The Red Flags They Don't Tell You About

I was in a relationship for two years that was totally wrong for me. But I didn't know it at the time. You read about "red flags" of relationships, but they rarely seemed to apply to mine. It was... other things. Well I've been contemplating it a while now, and I've realized what my red flags should have been. So here, these might help you if you're feeling unsure.

  • We had no inside jokes, not one. Looking back I don't even know how that was possible, but it was. We didn't have a running joke about anything. It was a perfect example of how not-fun our relationship was.
  • I didn't worry about us. I had no idea that being with the right person meant constantly worrying that one of us might suddenly die or something, because that's what it's like now. Okay it's not constant, but it's just that I'm so effing happy now that I'm sometimes worried something will come along and ruin it. But like I said, I was never worried about my old relationship. I guess secretly I didn't care if something broke us apart.
  • The thought of our future together was forced. I never just naturally thought about where we would live someday or what our wedding would look like, I had to actively force myself to think about it (though I didn't realize what I was doing at the time). With my guy now, I practically have to force myself to not think about our future! I can't tell you how many almost-freudian slips I've said to him! "We should totally have flan for our... birthday (oh my god did I almost say wedding?!?!) cake"

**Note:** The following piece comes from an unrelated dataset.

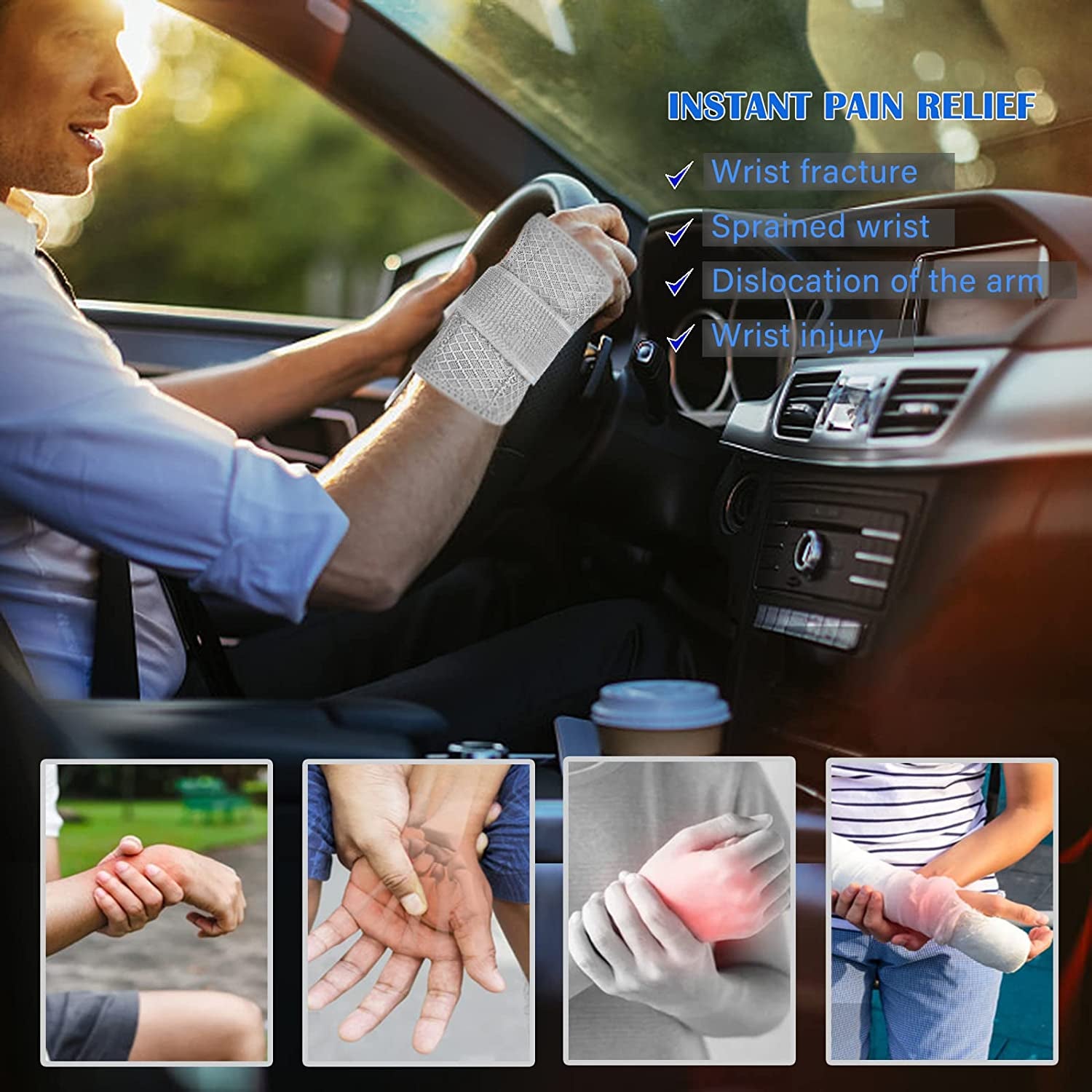 Attelle De Poignet Pour Canal Carpien Pour Homme Et Femme, Attelle De Poignet Réglable Pour Main Droite Et Gauche, Soulagement De La Douleur Pour L'Arthrite, Les Tendinites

  • We had no pet names. We might say each others' names with a kind of cutesy tone, but we never called each other anything but that. And I never even thought I was much of a pet name person, but that gooey cutesy shit comes out all the time with the boyfriend now. I can't help it. And it feels okay that I'm doing it. 
  • There are imperfections you expect to change over time. With the old relationship, I assumed that some things would change about him eventually, why this was I can't say. But let me assure everyone, that wasn't going to happen. Now don't get me wrong, sometimes the right relationship can set people on the right track in life, but it's not going to drastically uproot aspects of their personality. Maybe it'll help them kick a few bad habits but it won't be helping them with their social anxiety, depression, etc. The right person is perfect the way they are, they need no changing.
  • Out bad habits didn't compliment each other. We both were bad procrastinators, we both had problems with motivation, and we both could be really lazy at times. Together, those things were even worse. And if it seems like I'm being choosy, you need to realize these things really are part of a relationship. It's not just whether you get along and have fun together, but it's how you will be affected living with this other person. And these were all really bad habits I just couldn't be indulging. 
If as time goes on I think of more, maybe I'll post a Red Flags #2, but for now this is what really stands out to me.